Gaza en el espejo de Varsovia
Hay una coherencia siniestra entre la estampa de los niños de la Franja y los del gueto


No es cierto que todas las muertes sean iguales. Ni siquiera todos los asesinatos. Existen formas de crueldad agravada que desvelan un ánimo singularmente diabólico en su ejecución. El exterminio de millones de personas, en su mayoría judías, en los campos de concentración nazis, conmovió a la humanidad y a la historia no solo por su número dramático, sino también por su deliberada planificación. La sublimación de una razón instrumental asesina o la eficiencia industrial al servicio del horror fueron componentes que extremaron la responsabilidad irremisible de quienes programaron, toleraron o ejecutaron la mal llamada solución final. Matar de hambre y de forma indiscriminada a la población de Gaza es otra expresión límite de la crueldad humana.
Tras los sanguinarios actos terroristas perpetrados por Hamás el 7 de octubre de 2023, Israel emprendió una operación militar refugiándose en la cláusula más incontestable del ius ad bellum: la legítima defensa. Aquel argumento se volvió inverosímil a medida que se violaban principios básicos del derecho internacional humanitario en la respuesta. Los chicos malos del realismo político corrieron a justificar que a un monstruo solo se le puede combatir con otro monstruo, olvidando que una de las mayores conquistas de la civilización que dice defender Israel es que, incluso en la guerra, hay reglas que jamás deben traspasarse. La condición indiscriminada de los ataques ordenados por Netanyahu pulveriza, por otra vía, la misma coartada: en un ataque indiscriminado no hay ningún monstruo que combata a otro monstruo. Hay una irresponsabilidad ciega y decidida, en la que se ejerce una violencia letal sobre población civil e inocente. Que nadie se esfuerce en buscar razones para justificar esta brutalidad, porque no existen.

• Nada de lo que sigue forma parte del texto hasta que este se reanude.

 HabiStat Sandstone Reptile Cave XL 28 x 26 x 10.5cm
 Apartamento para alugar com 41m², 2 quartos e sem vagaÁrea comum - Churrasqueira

Walter Benjamin concibió la historia en forma de imagen, y es precisamente una imagen repetida la que vuelve a hacerse presente en la figura de niños desnutridos con la piel pegada al hueso. Cuando el mal se expresa de forma tan aterradora, solo nos queda el recurso de la negación directa. No puede ser, no debe ser, y han de activarse cuantas fórmulas estén en nuestra mano para evitarlo. Hay una coherencia siniestra entre la estampa de los niños de Gaza y los del gueto de Varsovia. Para nuestra vergüenza, tendremos que reconocer que, en ambos casos, Europa tuvo una responsabilidad. Si de verdad aspiramos a ser luz del mundo —y creo que esa ambición es un deber—, no podemos volver a ser observadores pasivos del horror.